--- MATERIAL FOR THIS EXERCISE ---
--- START ---
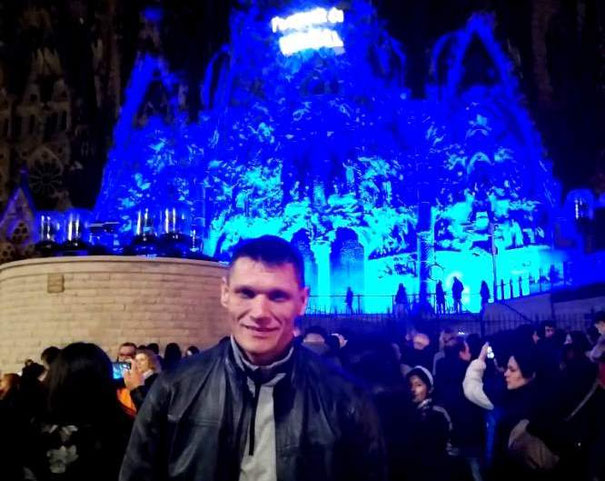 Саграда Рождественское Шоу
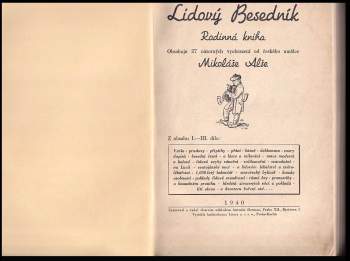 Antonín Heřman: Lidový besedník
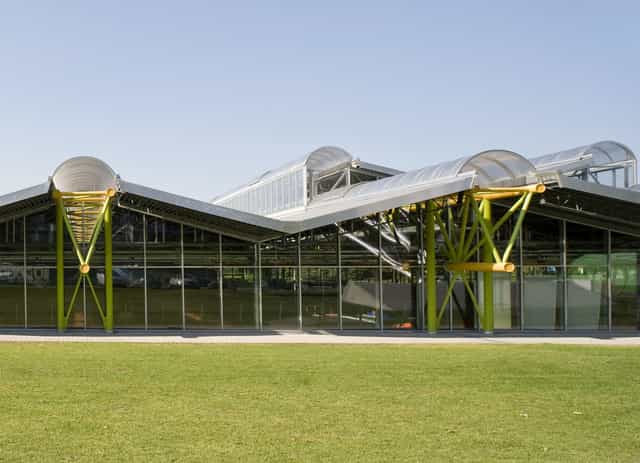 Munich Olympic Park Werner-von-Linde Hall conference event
--- END ---
--- START ---
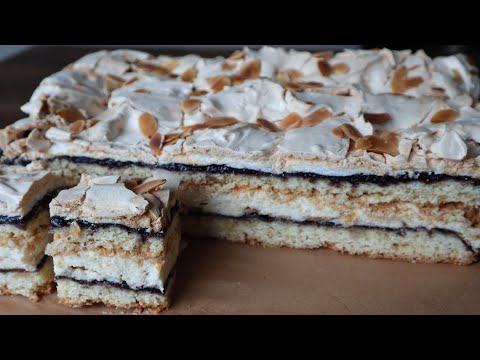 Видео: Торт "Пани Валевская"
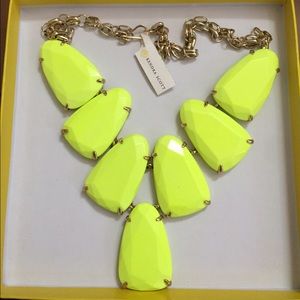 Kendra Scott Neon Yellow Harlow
--- END ---
--- EXERCISE AIM ---
Could you repeat, exactly, only the lines above starting at the one that has "Саграда Рождественское Шоу" and stopping after the one that has "Munich Olympic Park", without the pictures?

--- SOLVED PROBLEM ---
 Саграда Рождественское Шоу
 Antonín Heřman: Lidový besedník
 Munich Olympic Park Werner-von-Linde Hall conference event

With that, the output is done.